Precarious Lives

Excerpt from QCC2.org

This year’s Creative Labor: Queer Artists Working Group exhibition, Precarious Lives, opens its field of view beyond creating a site of visibility for queer art to include the work of non-queer identified artists whose work has been instrumental in building the social and aesthetic network within which we understand and experience cultural difference and our own queerness.

Precarious Lives – Visual Art Exhibition
SOMArts Cultural Center, Main Gallery, San Francisco, USA
Thursday, June 6–Saturday, June 29, 2019
Curated by Rudy Lemcke
Reception: June 6, 2019, 6 – 9pm

The exhibition is a part of the 22. Annual National Queer Arts Festival in California which runs May 22 – June 29, 2019.
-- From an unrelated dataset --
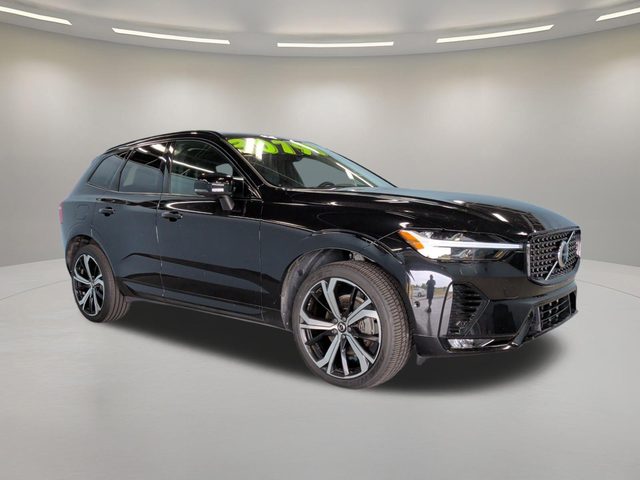 2023 Volvo XC60 Ultimate Dark Theme FWD photo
The artists in the exhibition include: Marlon Riggs, Barbara Hammer, Lordes Portillo, Rhodessa Jones, Carlos Loarca, René Yanez, Guillermo Gómez-Peña, Nancy Hom, Justin Hoover, Michelle Tea, Bernice Bing, Madeine Lim, Tina Takemoto, Annie Sprinkle and Beth Stephens, Flo Wong, Lenore Chinn, Ester Hernandez, Ed Aulerich-Sugai, Sean Dorsey, Shawna Virago, Marcela Pardo Ariza, Scott MacLeod, Jordan Reznick, Mia Nakano/Visibility Project, Katie Gilmartin, Queer Ancestors Project Artists: Jorge Mata Flores, Joan Chen, Amman Desai, Corey Brown, Weyam Ghadbian, Sasha Solomonov, Amari Robinson, Renée Jones, Eva Ovalle, and Culture Strike Artists: Agana, Micah Bazant, Kevin Caplicki, Thea Gahr, Thomas Greyeyes, Nicolas Lampert, Fernando Marti, Colin Matthes, Mazatl, Nicolas Medina, Roger Peet, Gilda Posada, Jesse Purcell, Pete Railand, Favianna Rodriguez, Julio Salgado, Meredith Stern, David Tim, Rommy Torrico, Mary Tremonte, Erin Yoshi, Bec Young.
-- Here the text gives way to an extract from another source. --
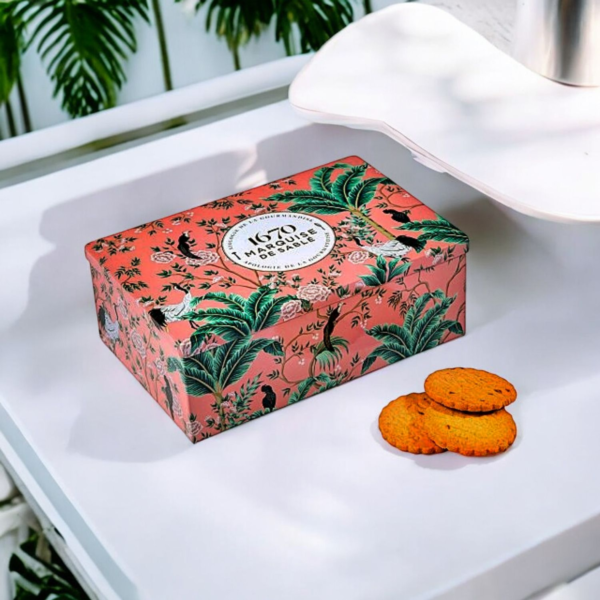 La Sablésienne : Boite métal "La Palmeraie" assortiment Sablés Nature,Caramel Beurre Salé et Abricot 300g – Image 2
Background: Precarious Lives is the third and final installment of a trilogy of exhibitions titled, The Turning, Queerly curated by Rudy Lemcke for Creative Labor. This project proposes a reframing of the idea of queer subjectivity as autonomous self-in-need-of-liberation to consider the self as self-with-others as the condition of possibility for modes of thinking about queerness in our technological age of networked connectivity (Self to #Selfie, 2017); it explores the sometimes-violent socio-political frame into which our identities have been thrown (A History of Violence, 2018); and considers the underlying conditions of human vulnerability as the site of care and futurity realized through the transformational labor of art (Precarious Lives, 2019).
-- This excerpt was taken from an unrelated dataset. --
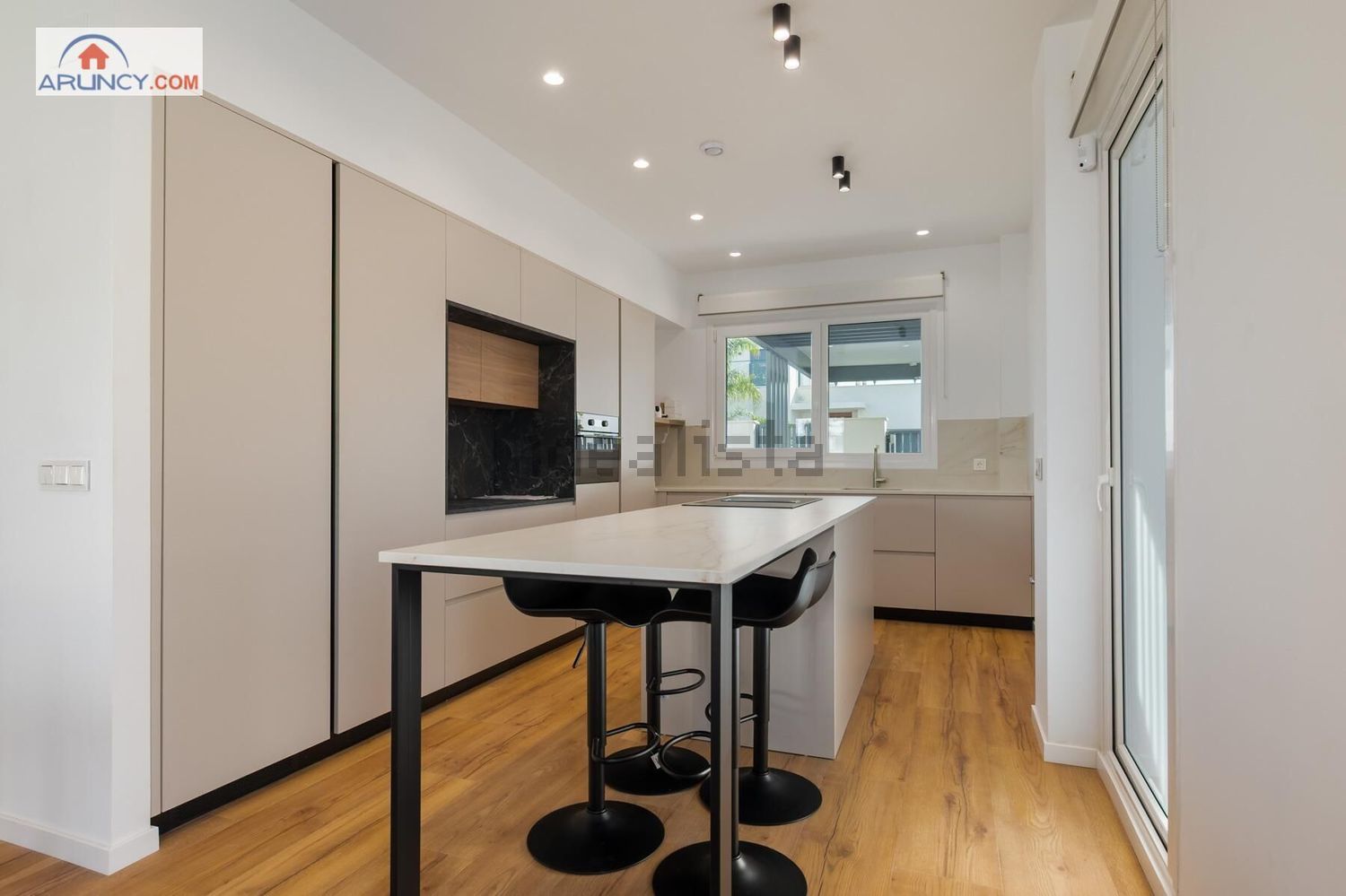 Haus 220 m² in Dos Hermanas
Creative Labor: Queer Visual Artists Working Group

Creative Labor: Queer Visual Artists Working Group, is an organization of Feminist, Queer, Trans and People of Color artists and thinkers. We are committed to social and cultural equity and organize to promote social justice. We advance our goals through the creation and dissemination of Queer Visual Arts and Visual Culture.